*What is expected*
There is material below. Print exactly the lines starting at the line with "Kearney baseball fields" and ending at the line with "Ibis Styles Grudziadz酒店 外观 照片", ends included, and no others.

*Information*

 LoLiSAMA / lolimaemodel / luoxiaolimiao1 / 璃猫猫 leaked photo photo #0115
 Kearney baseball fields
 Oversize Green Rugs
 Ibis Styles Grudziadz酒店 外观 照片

==

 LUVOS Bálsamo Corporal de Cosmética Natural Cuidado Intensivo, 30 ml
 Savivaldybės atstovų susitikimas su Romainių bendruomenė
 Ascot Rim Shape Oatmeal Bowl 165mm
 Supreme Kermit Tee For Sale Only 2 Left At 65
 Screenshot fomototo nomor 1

*The answer*
 Kearney baseball fields
 Oversize Green Rugs
 Ibis Styles Grudziadz酒店 外观 照片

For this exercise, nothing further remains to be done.